Minerals that keep your phone running

People walk through the shaft at Steenkampskraal (SKK) rare-earth mine.
The rare-earth minerals in these mines are used in the manufacturing of powerful magnets, which are used in electric vehicles, wind turbines, robotics, and many other applications. Image used with permission by copyright holder

Tour’s lab used a special heating process that produces graphene from any solid carbon source to recover rare earth metals. The minerals have magnetic and electronic properties critical to modern electronics and green technologies.

While industrial extraction from coal fly ash, bauxite residue, and electronic waste usually involves strong acid — a time-consuming, non-green process — the Rice lab heats fly ash and other materials to about 5,432 degrees Fahrenheit in a second. The process turns the waste into highly soluble “activated REE species.”

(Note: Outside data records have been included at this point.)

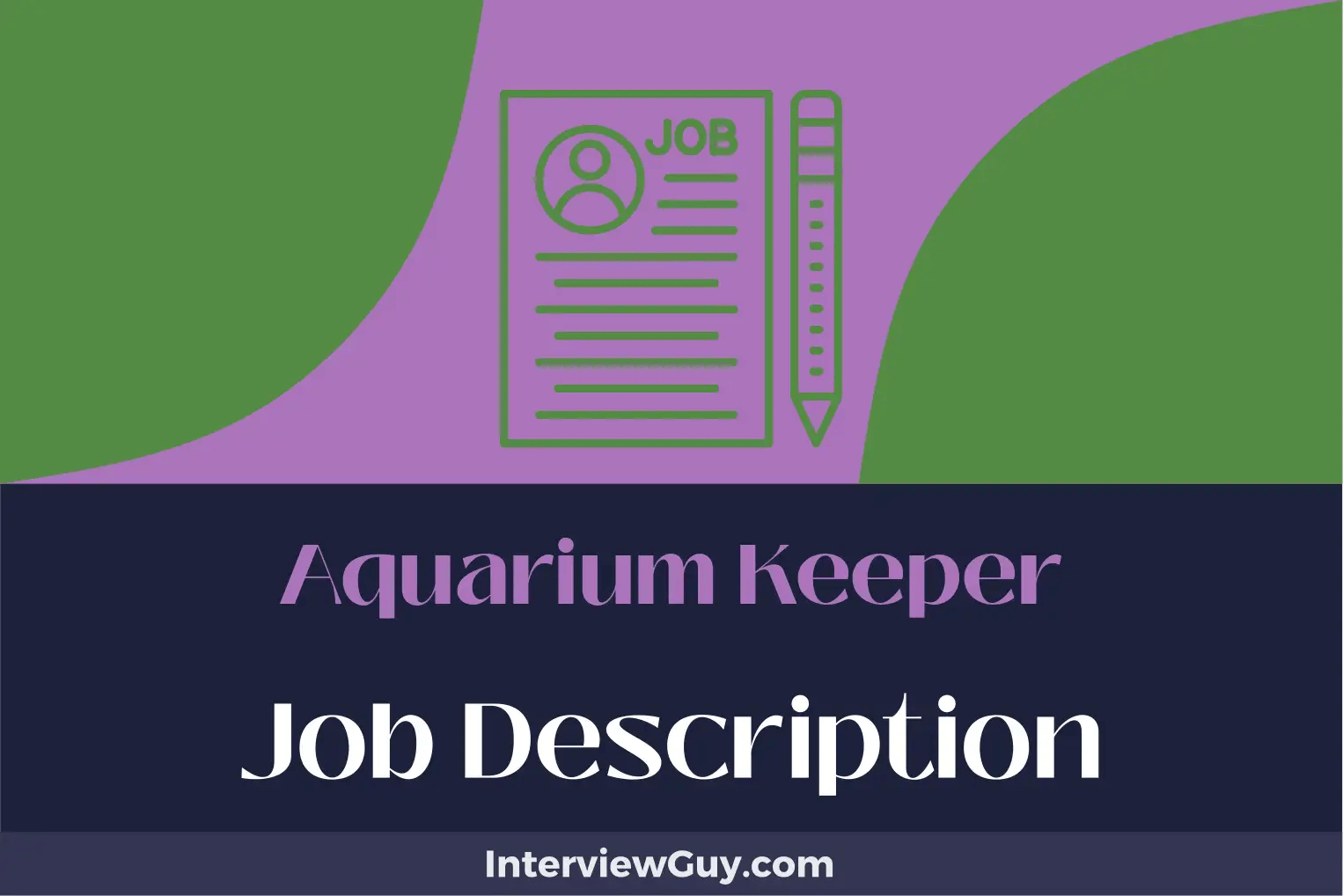 Aquarium Keeper Job Description [Updated for 2024]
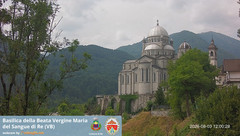 view from Santuario Madonna del Sangue di Re on 2026-08-03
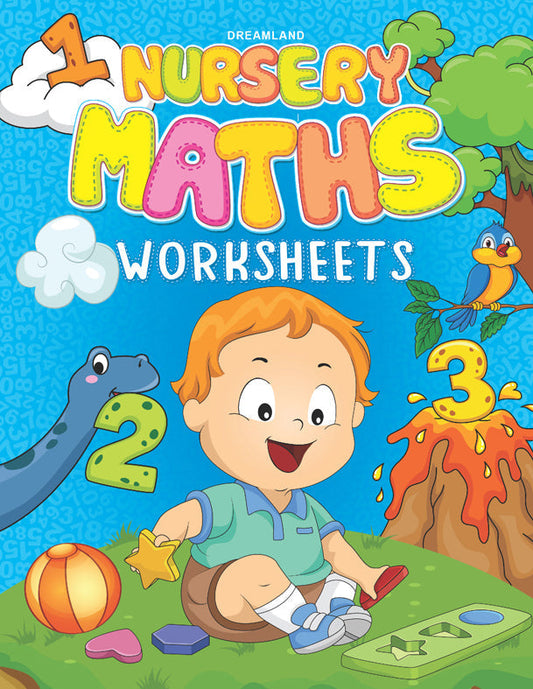 Dreamland Nursery Maths Worksheets -  buy in usa 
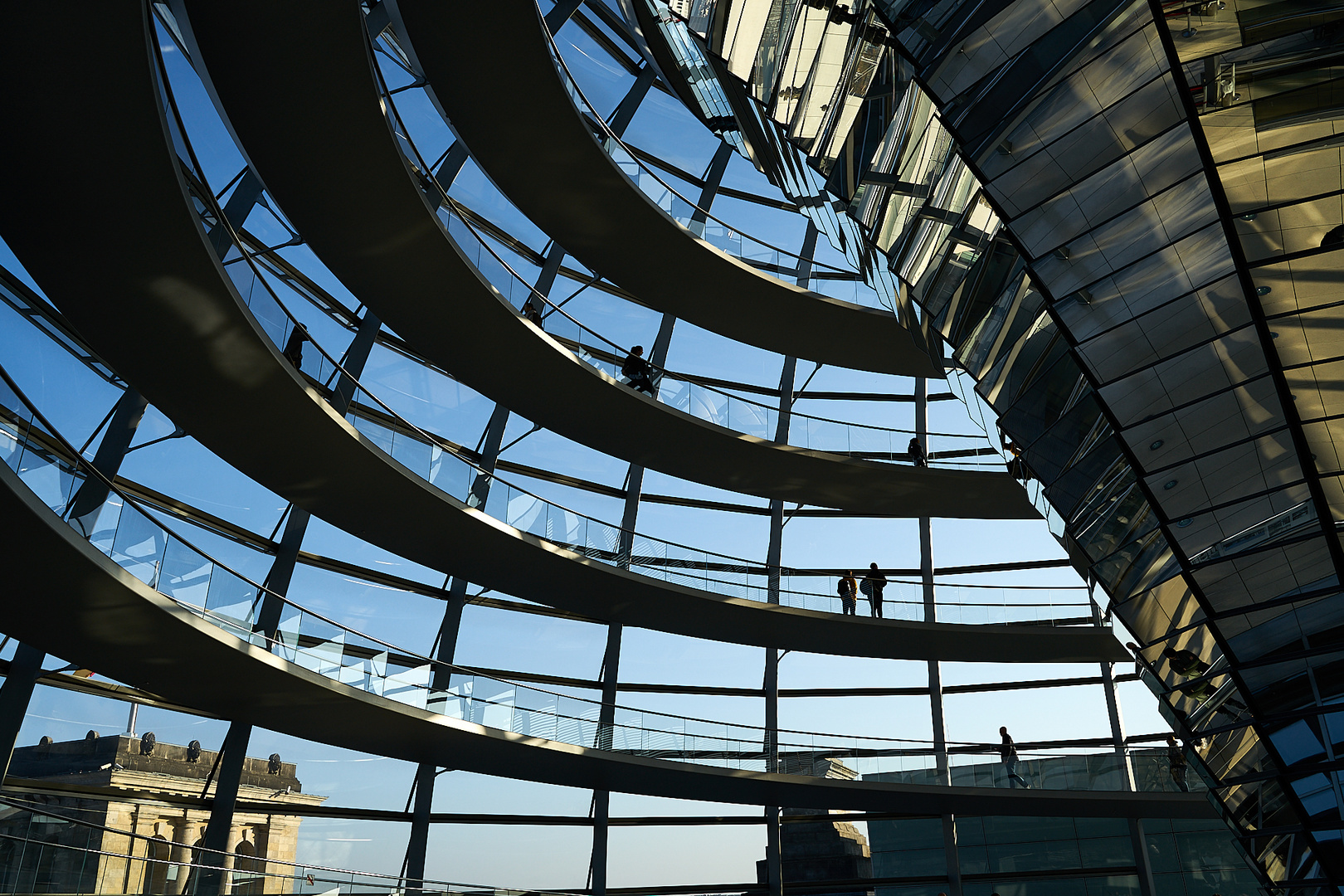 In der Reichstagskuppel No.2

Tour said treating fly ash by flash Joule heating “breaks the glass that encases these elements and converts REE phosphates to metal oxides that dissolve much more easily.” Industrial processes use a 15-molar concentration of nitric acid to extract the materials; the Rice process uses a much milder 0.1-molar concentration of hydrochloric acid that still yields more product.

The researchers found flash heating coal fly ash (CFA) more than doubled the yield of most rare earth elements using very mild acid than leaching untreated CFA in strong acids.

“The strategy is general for various wastes,” Bing Deng, one of the researchers, said. “We proved that the REE recovery yields were improved from coal fly ash, bauxite residue, and electronic wastes by the same activation process.”

Environmental issues

Deloitte Global predicts that smartphones — the world’s most popular consumer electronics devices that are expected to have an installed base of 4.5 billion in 2022 — will generate 146 million tons of CO2 or equivalent emissions this year alone.

“The fast turnover of new phones each year is a problem as we consume technology at a fast pace, which also has environmental impacts,” Alexander Gysi, a professor in the Department of Earth & Environmental Science at the New Mexico Institute of Mining & Technology, told Digital Trends in an interview.

While recycling would help cut emissions, mining is still cheaper and necessary to keep up with the growing demand for tech devices, said Gysi. Every year, their components become smaller and lighter, have a higher battery life, and are remixed to increase the quality of displays, he added.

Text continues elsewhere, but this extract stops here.